The picture of fear and loathing in the suburban communities of Ireland was first painted by a woman named "Siobhán," who came on Radio One's Brenda Power Show to describe eight years of abuse, intimidation and violence inflicted on her by neighbours in a north Co Dublin housing estate.
The stand-out incident in her saga was the one in which she woke one morning at 6.45 a.m., turned on her bedroom light and lay down again just in time to avoid the bullet that came through the window. She was told it might have been an accident - and it might - but her experience suggested otherwise. Her house had been targeted with bottles, stones, excrement, and rotten eggs. The bullet was only an escalation of the hostilities.
There were some injuries down the years. Her son had been stabbed in the hand and her dog had survived a poisoning attempt only because he was trained not to touch food from strangers - in this case sausages laced with antifreeze and flung over the garden wall. The dog's reprieve was short-lived. He had his eye injured by a stone, and was put down.
A more subtle tactic of Siobhán's tormentors was the hoax call-out. One night she had 10 of them, ranging from taxis and pizza delivery to the emergency services, all in the space of 90 minutes.

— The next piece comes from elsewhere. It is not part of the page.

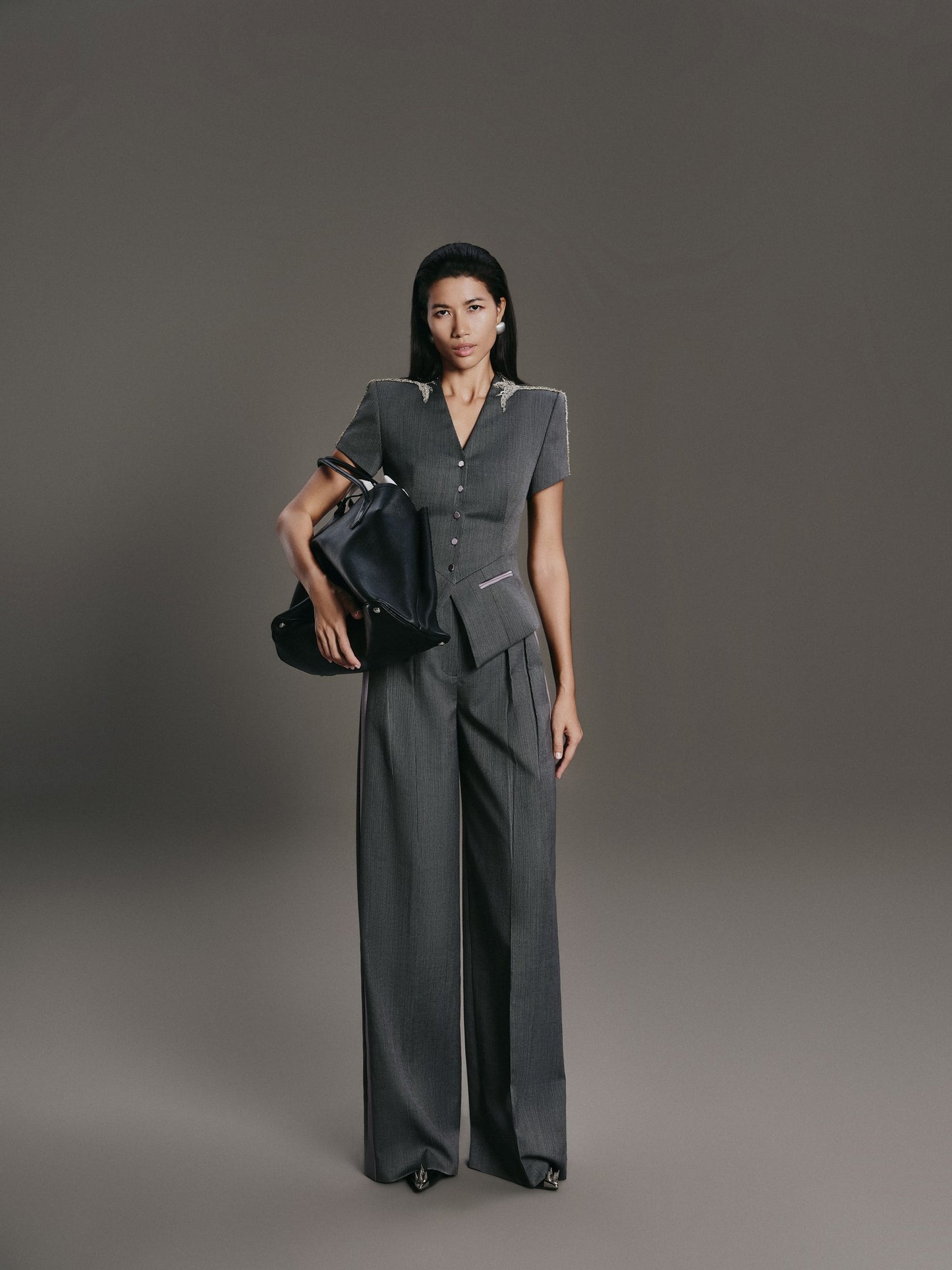 Woman in a gray outfit holding a black handbag against a gray background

Gardaí told her to change her phone after conversations were recorded and 50 tapes made for distribution around the estate. On Garda advice she installed a CCTV camera, trained on her own garden, but the hostility of neighbours to the idea was such that she took it down.

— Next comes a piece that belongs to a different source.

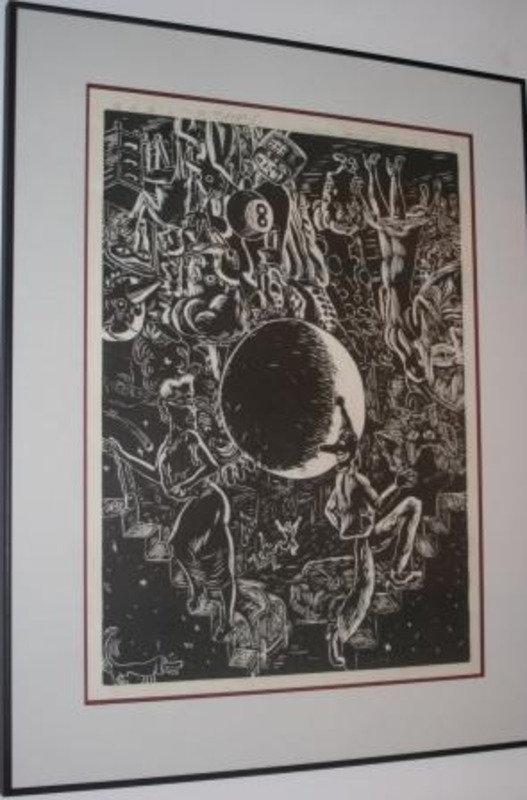 Black and white woodcut print depicting various figures and objects around a circular shape in the center. The piece is framed on light gray mat and in a metal frame. #8 of 10.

Her enemies were presumed to be among the young people, aged from seven or eight to early 20s, who hung around the streets late into the night while "their parents are in the pub".
Garda resources were scarce, and other avenues were now being suggested. One man on the estate was talking about vigilantes, and someone had offered Siobhán a gun: "I wouldn't hesitate in using it at this stage. It's a very sad thing to say, but it's the truth. If I had a gun in my possession I would probably use it, because I've been driven so far, for so long."
Listening to her story, you couldn't help wondering if she had done something to bring this about. The experiences of others suggested she had - by complaining in the first place. In the deluge of calls that followed from those with similar stories, a common thread emerged: that the day you said something was the day you were marked out for special treatment.
Another serious mistake was owning a corner house, where teenagers gathered in the evenings. Tom rang in with his experiences in Dublin's Terenure - not exactly an urban wasteland. His car bore the brunt of the abuse: windows broken, tyres slashed, paint and, later, paint-stripper thrown, until "the insurance company wrote it off". The Garda response was "very watery". He eventually moved.
It wasn't just Dublin. Mary from Portlaoise was among many with similar tales: stones, eggs, bangers in the letter box, insults on the street. She'd moved, too, and life had improved, but she would still only speak with her voice distorted, to prevent identification.
One man who contacted the programme and has since spoken to The Irish Times had a milder story to tell. He has lived on a private north Dublin estate since 1973. Like most of his neighbours, he's in his 50s with a family reared. But the personality of the estate is changing, he says, because of the Corporation's policy of buying properties to meet its quota for socially affordable housing. The newcomers "all seem to know each other". The latest arrivals are greeted with parties that spill onto the road and go on till 4 a.m. People urinate in alley-ways and leave beer cans behind.
When he protested to the Corporation about its failure to consult residents, he was accused of being "snobby and un-Christian". He insists he's neither: "I left school at 14 and I'm not well off. I broke my neck to pay for this house. I'm 54 now and I'm hoping after I retire I can sell it and it'll get us into a home, or whatever. But now it's being devalued because the word is out that the Corpo is moving into the area. We're doing our best, painting walls and planting flowers . . . and it just seems like the Corpo is knocking us back."